A new kind of packing list 

There’s a standard checklist jet-setters have in preparing to leave the country. There’s digging up
the passport, calling the credit card company and double checking that the dream you had about
forgetting all your underwear was, in fact, just a figment of your subconscious.
For Alden Mills, it also entails weeks of high intensity interval training and long walks laden with heavy packs. Since roughly a decade ago, the Perfect Fitness founder and Navy SEAL started climbing a mountain per year with his two friends: Brett Bush and Chip Pyfer.
What started as a way to mark their 40th birthdays has since taken them around the world to Kilimanjaro in Tanzania and Mount Elbrus in Russia.
“We were all getting ready to hit this milestone, and we wanted to do something different,” says Pyfer, a Private Ocean principal by day. “Originally it started with trips that we could do in five days, since we’re all parents and have professional responsibilities that didn’t allow for long excursions.”
Shortly before climbing up Elbrus, however, that changed. Mills was preparing to move to
Barcelona for a few years, and Bush was itching for a new challenge.
“I have always been an adventure traveler with that adventure bug,” proclaims Bush, a COO at Greywolf Capital, of his desire to venture beyond the 47 countries he’s already seen. “I want to go to exotic locations and see interesting people, and have always had that interest in climbing.”
And so, like any novice climber, he decided to dive right in by ascending Kilimanjaro. “I just realized that, spiritually, it’s a very focused goal,” he says. “You wake up every
day and just try to stay warm as you put one foot in front of the other.”
Eventually, the three men created their ultimate goal: Scale Earth’s seven summits.
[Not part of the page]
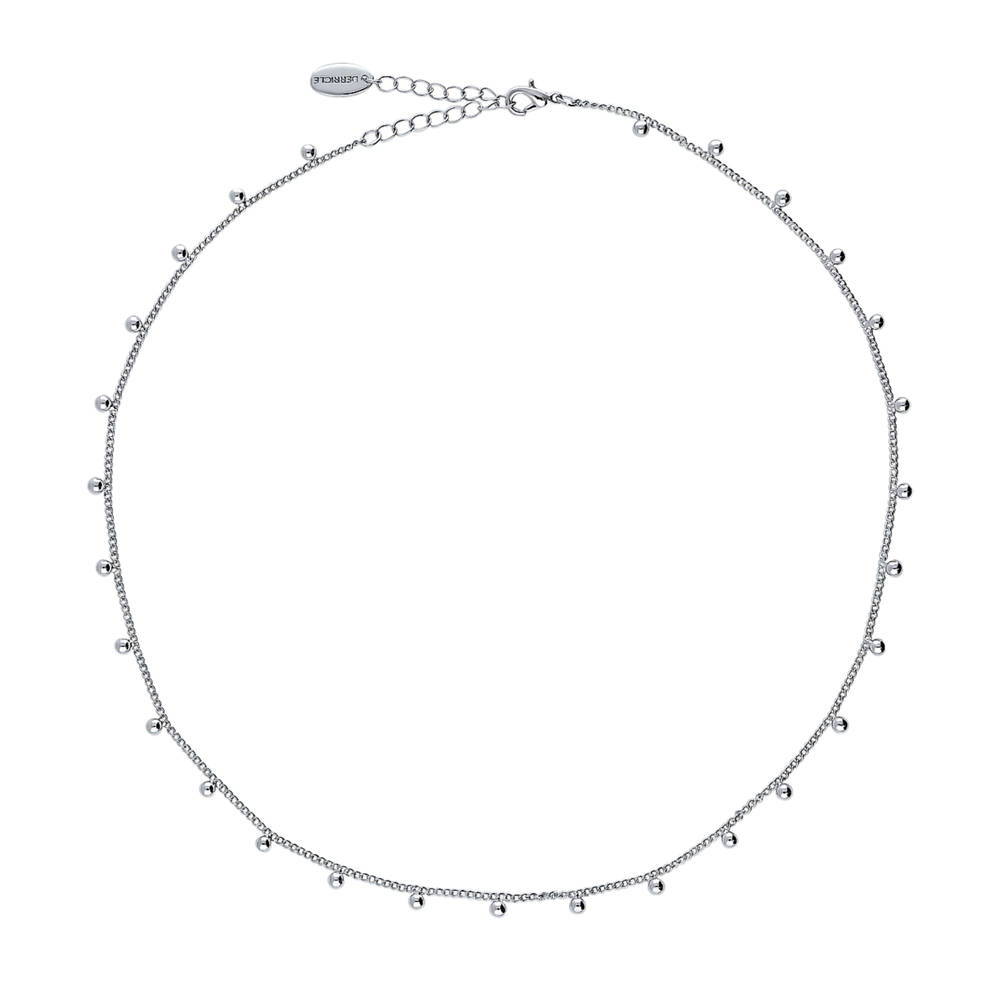 Paperclip Bead Chain Necklace in Silver-Tone, 2 Piece, 8 of 16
In doing so, the trio also tacked on a philanthropic mission in raising money to support The Guardsmen, a Bay

Alden Mills, Brett Bush and Chip Pyfer.

Area-based group dedicated to helping disadvantaged youth, where all three originally met.

According to Mills, “The beauty of these climbs, with a few exceptions, is that the large majority of it is simply taking it one step at a time.
There’s a level of joy in looking at each other with 10 days of facial hair and bloodshot eyes and realizing that, even though there’s a great deal of joint suffering going on, we’re all having a ton of fun. When you encounter something unknown to you and that’s outside of your comfort zone, you have to embrace it with humor.
That element of unknown fear is part of what makes it so satisfying when you reach the top.”
It’s what will bring them to Mount Everest in four years. While it’s a milestone many before have dreamed of reaching, Pyfer and company are determined to turn a dream into reality.
“You hit your limits physically and mentally in pursuit of that goal,” he says. “And pushing yourself to that limit and breaking through those physical and mental barriers is what’s awesome about it.”

A new discovery

The reasons for travel used to orbit around seeing something new externally. But for that expanding class of adrenaline junkies, it is more about discovering something new inside themselves.
Whether it’s bungee jumping off the Macau Tower in China, looking down at Zimbabwe’s Victoria Falls from a hot air balloon, or even cliff diving off the Rick’s Cafe bluff in Jamaica, that rush of excitement and fear combines to form something else entirely: the confidence in knowing you’ve conquered something you didn’t think you had the guts to do.
“If you let yourself be challenged, whether it’s eating a different food or stepping into a new adventure, once you let yourself push those limits and experience things on the ground, it enriches your own life,” says Dr. Chang, adding that after her upcoming trip to Iceland, Morocco or Cambodia are next on the list. “Happiness comes from experiences and social interactions. That’s what’s valuable about opening your mind and seeing new things, because those experiences are forever.”